Recently I had the privilege of looking over job applications to shortlist applicants for interview. I don't get to do this very often so it was interesting to see how it's done. With almost 30 applications for the job I thought it would take ages to whittle it down to 4 or 5. However, I was surprised that it took well less than an hour and often it was simple mistakes that put serious question marks over otherwise reasonable applications. In a competitive market you need to make sure an application will get through the initial "sift" so it is more likely to be read fully.
Therefore, I thought I'd make a note of a few common "clangers" that put an application closer to the bottom of the pile. None of the things listed below would instantly lead to the dismissal of an application but the moment alarm bells are rung it becomes less likely that an application will be shortlisted. I hope these may be helpful for anyone applying for a teaching job in future!
Your covering letter is a letter!
Many of us email job applications these days. However, even if you email an application your covering letter is still a "letter". Therefore it should have your address in the top right hand corner with the date. It should end with "Yours Sincerely" and your name. This is a basic bit of ettiquette which, if not adhered to, can make you look less professional.
Get the form of address right...
Following on from the last point it's important that your letter is addressed properly. You'll almost certainly know to whom the letter is to be directed. Unless the advert explicitly says to write to someone else you'll be writing to the head teacher. If you don't know the head teacher's name then look it up on the school's website or phone to find out! Your letter should then start "Dear Mr(s) [or even Dr/Revd - try to get this right]..."
Applications I read were addressed to "Dear Sir or Madam" (lazy), "Dear Mr(s)
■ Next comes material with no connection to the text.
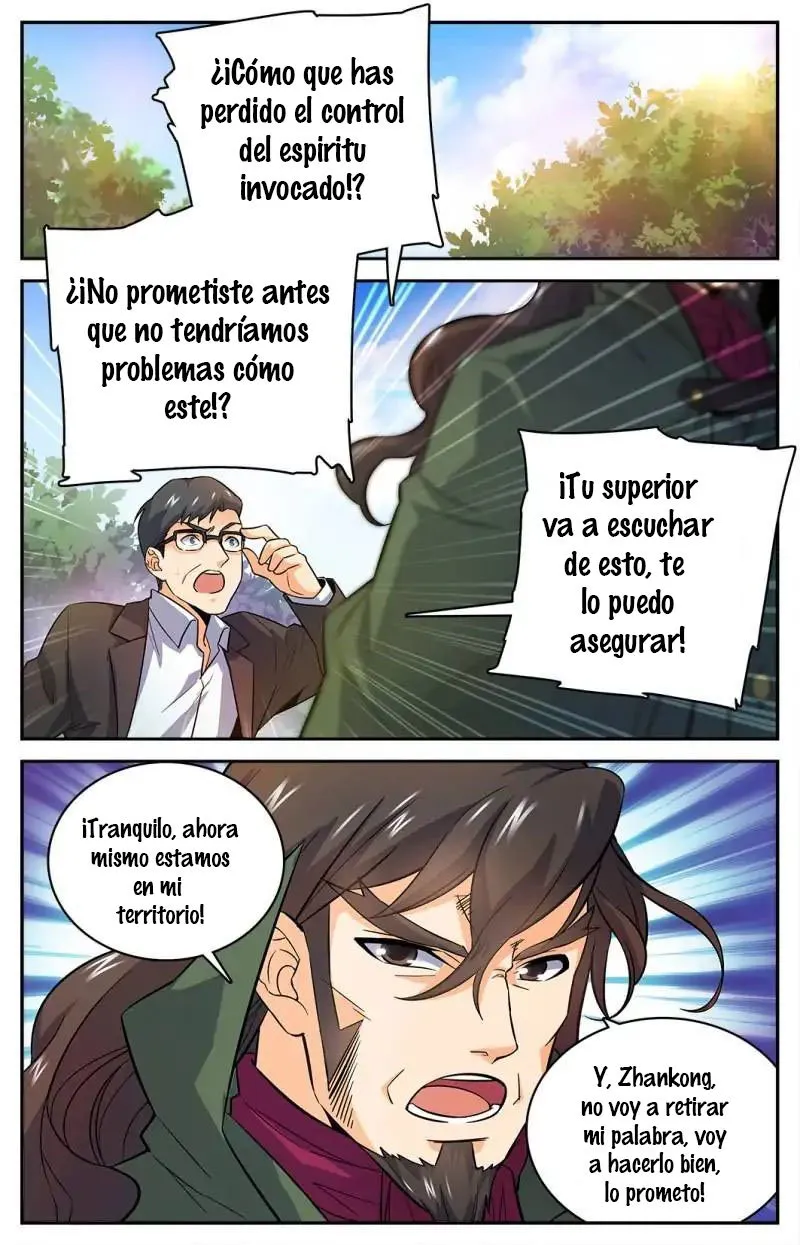 Versatile Mage Capítulo 24 en Línea - página 7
Spell check and proof-read
Teaching is a profession. Part of being a professional is being able to communicate clearly. If your application contains typos, bad grammar, awkward sentences or meaningless statements then you look less professional. At the very least you ought to proof-read your application to check these; I find that reading out loud helps me to find many errors. Obviously writing an application can be a rather involving process and sometimes it is hard to spot one's own mistakes so get someone you trust to proof-read too. Most people are glad to do these things and are flattered to be asked. If you really can't find anyone to do it then email me and I'll do it myself! I hate to see decent applications let down by silly mistakes.
Keep it tight
A covering letter is not the same as your life story. Two pages of size 12 A4 should be plenty to sell yourself. If you write more you should be damned sure that it's captivating stuff otherwise you look like a waffler; no-one wants to waste their time with a waffler. A covering letter should be enough to grab attention and make the employer think you'd be worth talking to in interview. Don't say everything you could possibly say otherwise there'd be nothing to talk about!
(On a similar note don't cut it too short either. Saying, "Please find enclosed my application" does not constitute a covering letter).
Avoid "elephants in the corner"
Plenty of people apply for jobs in unusual circumstances; there's nothing wrong with this. You may be a deputy head in a school wanting to spend more time with your family and so you're applying for a standard teaching job. You may have only been in your current job for one year and are looking to move. You may have come into teaching late and be looking for a change. You may be looking to side-step into a different kind of role.
Whatever your circumstances you need to be aware if your application might be considered "unusual" in any way. If this is the case then your letter ought to address this. This doesn't mean you have to explain in detail about your family circumstances or your position in your current school. It does mean that you need to at least acknowledge that your application raises questions. If you leave an "elephant in the corner" it may look like you have something to hide.
Back up what you say with evidence
This is basic Level 5 stuff. Explain! If you say, "I believe in inclusive education" then great! You should at least try to back this up with some evidence. What have you done to put this into practice? Do you promote the use of ICT in your lessons? Prove it. If you don't do this then your application can look wooly.
These are all things I noticed today which, I'm afraid, meant that a lot of applications (that I'm sure people had spent a lot of time working on) ended up being sidelined. I hope this helps anyone thinking of applying for a teaching job!
Anyone else got any tips, advice or pet peeves when it comes to job applications?